Ici, les effets spéciaux sont immensément réussis. Comme quoi le cinéaste Ryan Coogler essaie peut-être moins d’en mettre plein la vue (au premier tour il s’était permis d’impressionnants plan-séquences lors de ses scènes d’action, ce qui n’est plus le cas ici et on a limité les passages « rêvées ») et de davantage s’efforcer de satisfaire. On lui en est gré puisque le savoir-faire est plus palpable que jamais.

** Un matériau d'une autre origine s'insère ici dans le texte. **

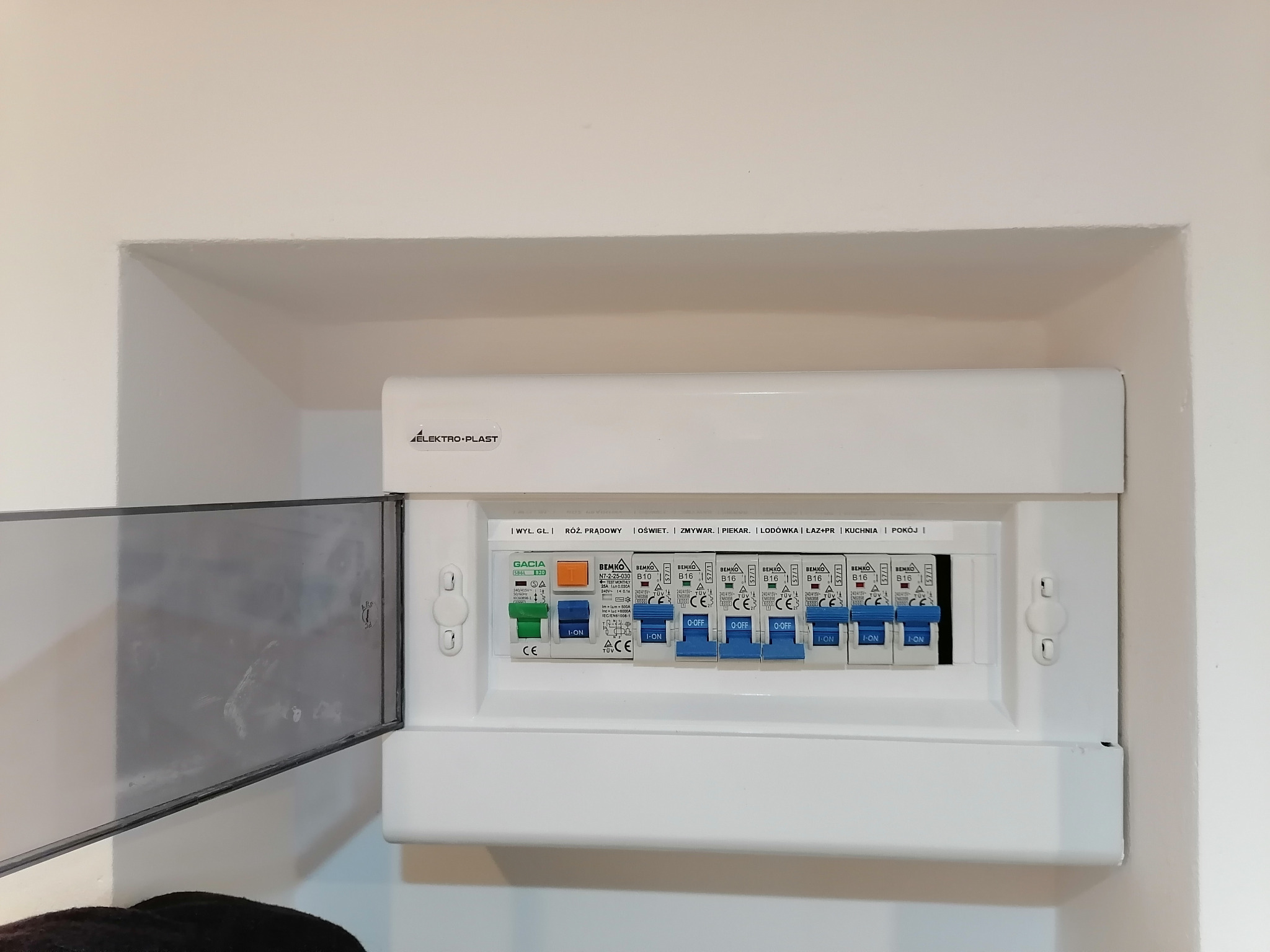 Rozdzielnica elektryczna marki Elektro-Plast, zamontowana we wnęce ściany, z uchylonymi drzwiczkami po lewej stronie, widoczne bezpieczniki z opisami obwodów.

L’adage ici est donc moins de faire plus (sauf peut-être cette durée probablement un brin excessive), mais certainement de faire mieux. Black Panther : Wakanda Forever s’y conscrit entièrement surtout en considérant cette culmination merveilleuse d’émotions qui demande certainement aux mouchoirs de ne pas se tenir trop loin. Si rien ici ne fait office de révolution, on salue l’émouvant hommage qui garde l’honneur sauf dans ce qui est indubitablement une franche réussite.
À noter que tout en respect pour leur ami mais en conservant la tradition, il n’y a qu’une scène au milieu du générique.
8/10
Black Panther : Wakanda Forever prend l’affiche ce vendredi 11 novembre. Plusieurs représentations ont lieu ce jeudi.